I am superstitious so I took the PE where I took and passed the FE.

I would suggest dressing in layers depending on the weather on exam day... although I found the exam room to be rather comfortable last year.

Good luck and let us know if you have any other questions!

-Ray


----------



## civil-nj (Feb 25, 2008)

Ray,

Thank you very much - lots of helpful info here! I am leaning towards Hamilton as well, but am hoping to also hear from someone who took the exam at NJIT before making a final decision. Theoretically, NJIT should be a good testing site since it's an educational institution. Still, the cynic in me wonders if the firehouse might be better than the college (talk about irony).

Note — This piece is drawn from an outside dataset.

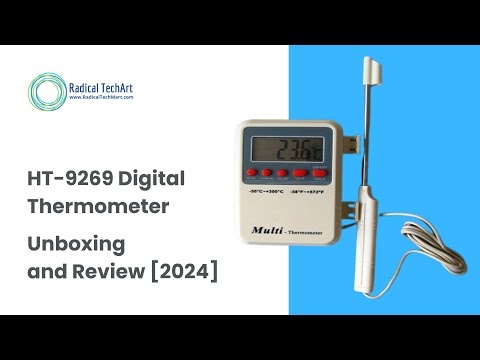 MCP Digital Multi Thermometer With External Sensing Probe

Your comment about the bumpy table got me thinking...maybe I should bring a clipboard just in case. Nothing drives me crazier during a test than not being able to write properly, whether it's from a dull pencil or a poor writing surface.

Thanks again,

civil-nj


----------



## snickerd3 (Feb 25, 2008)

Just because the location is listed as an educational insitution doesn't mean you'll get quailty. When I signed up to take the FE, it was to be given ON campus. Well, half of us (one of my friends) got the nice cushy spot in the new computers building with padded swival chairs and individual work stations. The rest of us were stuck in a musty stinky church basement (which was located ON campus) with metal folding chairs and folding tables. I was in pain for like a week.


----------



## cement (Feb 25, 2008)

and you might not have easy access to convenience stores and fast food at NJIT, parking will cost you and I'm not sure about secure.


----------



## bigray76 (Feb 25, 2008)

I can't speak for the hike from parking to the testing area at NJIT... but in West Trenton you park right outside the door and at worst have to walk about 50 yards over the parking lot to get into the ground level ballroom... NJIT may have steps, stairs, etc. between the parking garage and the testing area.


----------



## homer (Mar 6, 2008)

I myself took both the FE and PE at the West Trenton Ballroom and agree with the other comments. However, i noticed on the september 07 meeting minutes of the NJ licensure board, that Ballroom will not be available for the April 08 exam. Instead the exams are to be proctored in nearby Hamilton NJ. I, unfortunately, am not familiar with that site. To see the minutes of that meeting visit:

http://www.state.nj.us/lps/ca/pels/minutepels/pel96.htm

regards,


----------



## civil-nj (Mar 12, 2008)

bigray76, snickerd3, Cement, and homer,

Thanks for the input! I decided to go with the firehouse in Hamilton. There seems to be less risk of basement testing and wipeouts on the pavement with my reference materials. :laugh:

civil-nj


----------